▸ TASK TO COMPLETE:
Please quote only the lines that start at the one with "CIIE turns more exhibitors into investors" and go on to the last line of the data, both ends kept.

EXERCISE DATA Block Start

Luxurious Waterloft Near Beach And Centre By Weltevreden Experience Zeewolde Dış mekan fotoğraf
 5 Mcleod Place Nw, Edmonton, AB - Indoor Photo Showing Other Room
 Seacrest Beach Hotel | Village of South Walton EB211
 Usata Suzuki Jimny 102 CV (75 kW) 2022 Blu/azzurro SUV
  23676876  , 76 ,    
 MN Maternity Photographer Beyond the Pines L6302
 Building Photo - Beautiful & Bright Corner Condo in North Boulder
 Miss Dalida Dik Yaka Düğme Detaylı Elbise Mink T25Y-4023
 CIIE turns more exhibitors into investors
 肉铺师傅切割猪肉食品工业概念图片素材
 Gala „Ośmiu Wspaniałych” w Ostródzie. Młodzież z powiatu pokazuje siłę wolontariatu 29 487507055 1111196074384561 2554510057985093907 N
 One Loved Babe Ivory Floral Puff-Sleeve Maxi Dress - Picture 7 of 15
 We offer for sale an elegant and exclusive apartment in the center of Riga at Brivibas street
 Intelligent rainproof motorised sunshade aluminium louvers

EXERCISE DATA Block End

▸ ANSWER TO THIS TASK:
 CIIE turns more exhibitors into investors
 肉铺师傅切割猪肉食品工业概念图片素材
 Gala „Ośmiu Wspaniałych” w Ostródzie. Młodzież z powiatu pokazuje siłę wolontariatu 29 487507055 1111196074384561 2554510057985093907 N
 One Loved Babe Ivory Floral Puff-Sleeve Maxi Dress - Picture 7 of 15
 We offer for sale an elegant and exclusive apartment in the center of Riga at Brivibas street
 Intelligent rainproof motorised sunshade aluminium louvers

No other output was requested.